BUENOS AIRES.- El bloque justicialista de la Cámara de Diputados le ha hecho una tácita advertencia al futuro gobierno, de que sus relaciones con el Congreso no serán fáciles. Al menos, así debe interpretarse la prórroga de ejecuciones hipotecarias que, por cuarta vez en poco más de un año, se votó hasta agosto. La sorpresa que esa decisión produjo en el Poder Ejecutivo no fue menor que el enojo provocado al ministro Roberto Lavagna, quien desde Santiago de Chile- -acompañando al candidato Néstor Kirchner- se comunicó de inmediato con el Presidente. Poco después de este llamado, el jefe del Gabinete, Alfredo Atanasof, dijo que no había respuesta por el momento, pero dejó abierta la firme posibilidad de que Eduardo Duhalde vete la sanción legislativa, adoptada sugerentemente a mano alzada y sin debate. El hecho se produjo mientras permanece aquí la misión del Fondo Monetario que, tras poner buena nota a la marcha fiscal, insistió en una serie de medidas que el futuro gobierno deberá encarar, entre las que figuró la liberación de aquellas ejecuciones, compartida por el ministro de Economía, quien debería continuar en un eventual gobierno del candidato oficialista.
Tema pendiente
No cabe duda que la gobernabilidad aparece nuevamente así como tema pendiente de elucidar, inclusive tratándose del bloque oficialista y de los dos candidatos correligionarios que se disputan el sillón presidencial. La breve y feliz gira que el dúo Kirchner-Lavagna tuvo por los despachos de Lula y Ricardo Lagos, no alcanzó para disimular esa señal contradictoria que ni el poderoso padrinazgo duhaldista ha podidio impedir. El discurso del primero en ambas visitas ha sido cómodo, pues si se trata de dos figuras latinoamericanas de centroizquierda, también es cierto que practican un pragmatismo económico, financiero y fiscalista altamente calificado por los organismos internacionales que ahora tienen en examen a la Argentina. El candidato oficialista se ha pronunciado por la fórmula simpática del keynesianismo, pero no ha dicho de donde saldrán los recursos públicos, de los que dispuso ampliamente el presidente Roosevelt, para sus grandes obras estatales. Más cauteloso, Lavagna, no dejó de advertir que el Mercosur es un conjunto de principios compartidos, pero los detalles con cosas de otra oportunidad.

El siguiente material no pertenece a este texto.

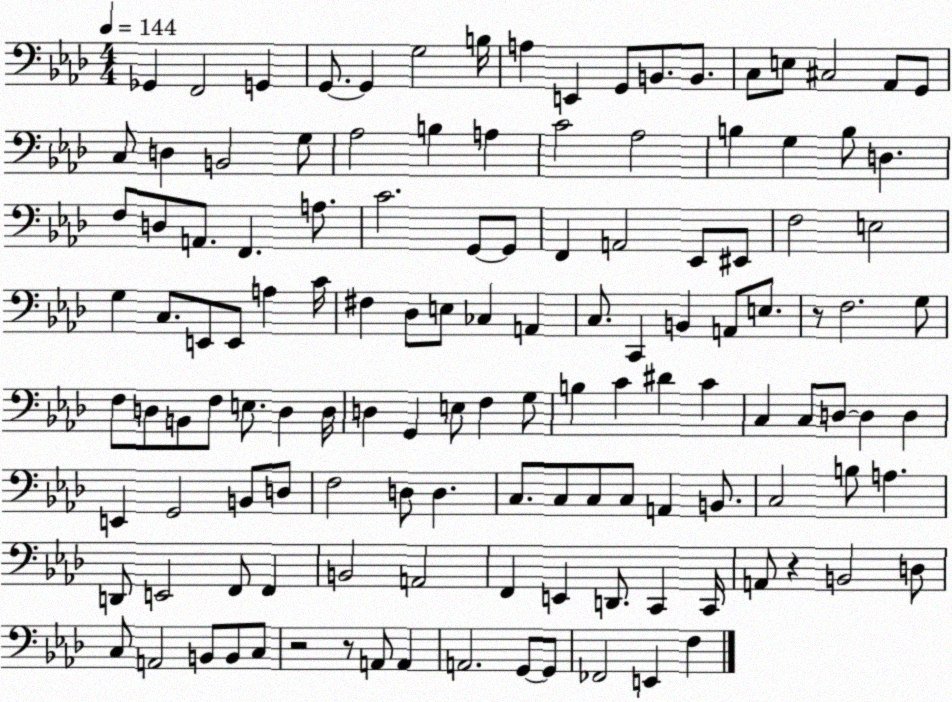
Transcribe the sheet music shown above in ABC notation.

Bajo los puntos que el ministro de Economía debería tratar si gana su candidato subyace una serie de limitaciones de orden fiscal, entre la cuales es la más severa la discusión de la deuda externa con los acreedores. En ese escenario de posibilidades y la profunda anemia presupuestaria que debe arrastrar el país, no alcanza a vislumbrarse una fuente de recursos para enfrentar el modelo keynesiano de obras públicas que durante toda su campaña ha prometido el gobernador de Santa Cruz. Esa persistencia y la posición del ministro Lavagna, que ha permitido tan reconfortante consideración del FMI, permiten advertir que no han mantenido ambos hasta el momento un diálogo realista sobre la cuestión. (De nuestra Sucursal)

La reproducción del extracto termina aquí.